KRONSTADT

Russland, 2002

Julian Heynen: Diese Metallstrukturen, die wie zufällig in der Gegend herumzuliegen scheinen, sind sicher mindestens so surreal wie die Gebäudereste in Opytnoe Pole. Man hat so gut wie keine Vorstellung, was das sein könnte.
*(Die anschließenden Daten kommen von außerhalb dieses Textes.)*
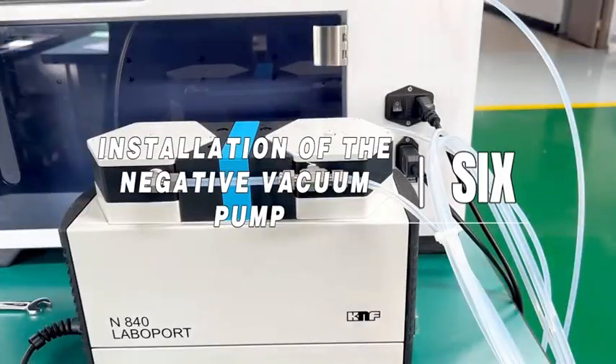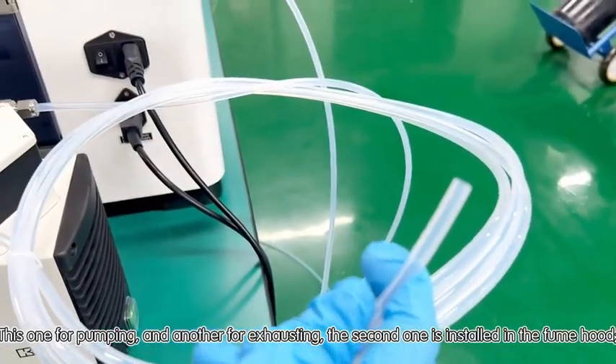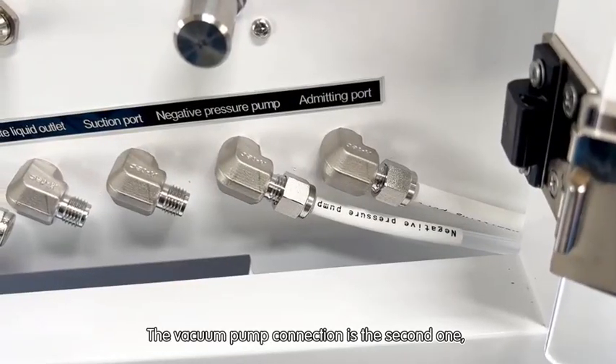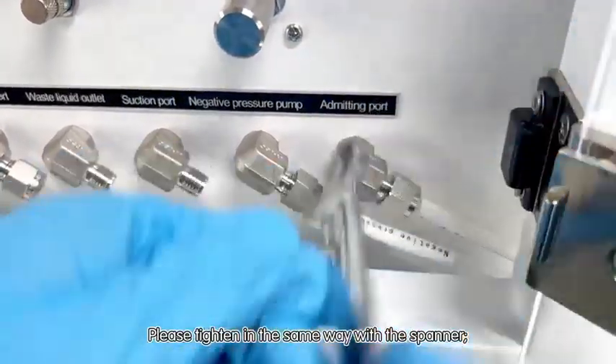Installation of the negative vacuum pump, step six. The vacuum pump has two connections: one for pumping and another for exhausting. The exhaust connection is installed in the fume hood. The vacuum pump connection is the second one. Please tighten in the same way with the spanner.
Ursula Schulz-Dornburg: Mir ist das genauso ergangen, als ich diese Objekte auf dem Weg nach Murmansk gesehen habe, wo ich die havarierten Atom-U-Boote aufnehmen wollte – was natürlich nicht möglich war. Die Klötze haben mich sofort fasziniert. Sie wirkten wie eine auseinandergenommene Welt, wie eine demontierte Stadt auf mich. Ich habe überhaupt nicht verstanden, was das sein konnte, und habe die Objekte aus dieser Situation heraus und gerade deswegen fotografiert.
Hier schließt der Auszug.